Other states soon adopted the reformatory model, and the notion that prisons are places to "correct" people has become a staple of the judicial system.

But the idea that imprisonment and suffering were supposedly good for the prisoner didn't emerge in the 19th century. The earliest evidence goes back some 4,000 years: to a hymn in Mesopotamia, in modern-day Iraq, praising a prison goddess named Nungal.

Almost a decade ago, as a graduate student researching slavery in early Mesopotamia, I came across numerous texts dealing with imprisonment. Some were administrative documents dealing with everyday accounting information. Others were legal texts, literature or personal letters. I became fascinated with imprisonment in these cultures: Most of them detained suspects only briefly, but in literary and ritual texts, imprisonment was seen as a transformative, purifying experience.

The 'house of life'

Around 1,800 B.C., students training as scribes at Nippur, an ancient Sumerian city, frequently copied from a selection of 10 literary works. Using cuneiform, these aspiring scribes would copy texts that included the exploits of the legendary hero Gilgamesh as he fought the beast Huwawa, the fearsome guardian of the forest. They wrote about a great Mesopotamian king named Šulgi, who claimed to be a god.

And as the master scribe dictated these various texts, the students also heard about a prison goddess named Nungal.

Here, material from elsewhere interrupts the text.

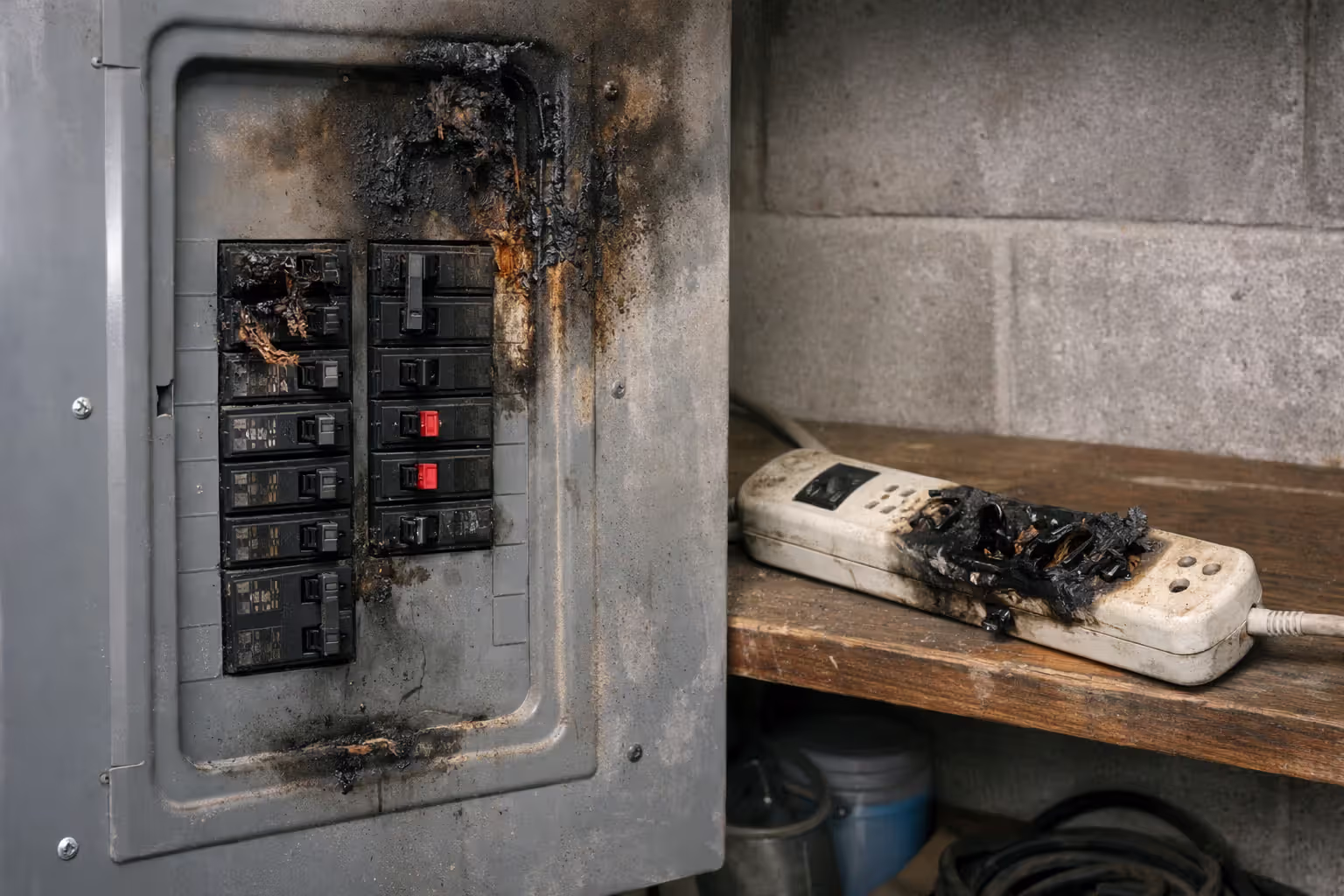 Damaged residential electrical breaker panel with burn marks and tripped circuits after a power surge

Though her justice was inescapable, Nungal was also celebrated for her compassion. Her "house" brought suffering upon prisoners, whose sorrow gave rise to lament. Through that lament, however, prisoners could be purified of their sins and made right with their personal gods, who were their protectors and mediators before the greater gods.

The "Hymn to Nungal," which dates from the second or third millennium B.C., details how a guilty prisoner sentenced to death was not killed, but snatched "from the jaws of destruction" and put in Nungal's house, which she calls a "house of life"—but also a place of suffering, isolation and pain.

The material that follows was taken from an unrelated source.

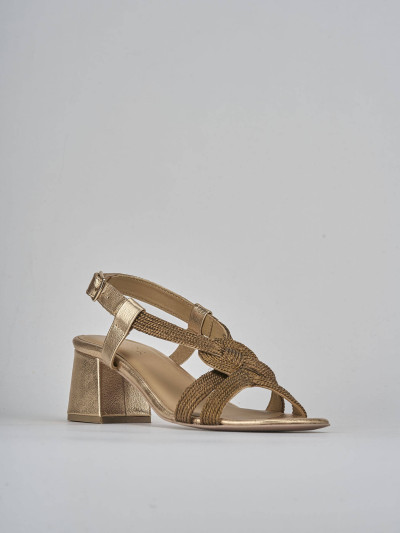 Sandali tacco 5cm pelle bronzo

A detail from the Standard of Ur, from third-millennium B.C. Sumeria, shows prisoners of war between soldiers. (Held in the British Museum). 

Still, the hymn describes prisoners transformed by their time in prison. The goddess says her house is "built with compassion, it soothes the heart of that person, and refreshes his spirits." Eventually, she continues, they will lament and be purified in the eyes of their deity: "When it has appeased the heart of his god for him; when it has polished him clean like silver of good quality, when it has made him shine forth through the dust; when it has cleansed him of dirt, like silver of best quality … he will be entrusted again into the propitious hands of his god."

Fact vs. fiction

The extent to which the ancients believed such stories about the gods remains a matter of debate. Were texts like the "Hymn to Nungal" matters of sincere religion or just fairy tales that no one took seriously?

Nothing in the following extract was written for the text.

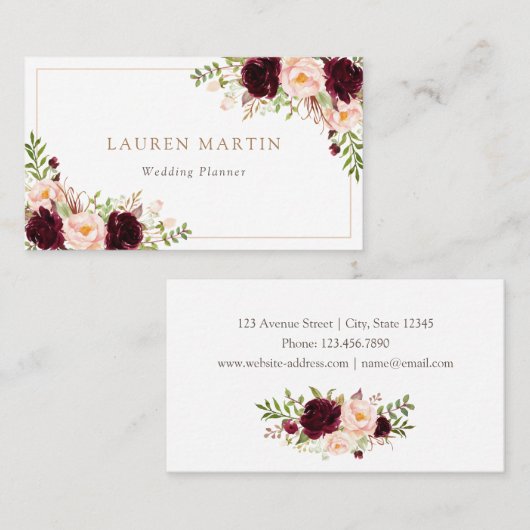 カスタマイズモダンな花柄 名刺 (正面/裏面)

Since it is a literary text, it is not a reliable source about the justice system, either. Mesopotamian kingdoms during that time seem to have used prisons to detain suspects prior to punishment, similar to jails that hold suspects before trial today. They also detained people to force them to pay a fine or debt, and to coerce labor—sometimes for over three years. But punishment, which typically involved physical or financial consequences, did not include time in prison.

Still, detainment entailed suffering, with one prisoner describing the "prison" as a "house of distresses or famine" in a letter written to his superior. In another text, the sender says he was released but complains of beatings that another prisoner endured as part of the investigative process—although the sender does not mention the nature of the suspected offense.

However, scholars Klaas Veenhof and Dominique Charpin have found evidence of Nungal playing a role in the judicial process. At some temples, oaths would be taken in the presence of a throw-net, similar to what is used to cast for fish, which symbolized Nungal and inescapable justice.

The vision cast in the hymn was likely folded into a later ritual practice where imprisonment was used to purify the king. During the New Year festival, the king was stripped of his regalia and entered a makeshift prison made of reeds, where the king offered prayers to the gods for his sins. Through prayer and ritual, he was deemed purified and able to resume his royal duties.

Yesterday and today

While most people may not have spent long periods in Mesopotamian prisons, they did suffer in them. Perhaps it is that experience that caused a text like the "Hymn to Nungal" to be written, exploring how such an experience could be used to reform the prisoner through lament.

The notion that imprisonment can be good is pervasive, but is it accurate? How prison systems think about reform is very different today than how the "Hymn to Nungal" envisions it. Yet the powerful idea that suffering can be good for prisoners has deep historical roots—allowing incarceration systems to claim that the suffering within their walls is compassionate.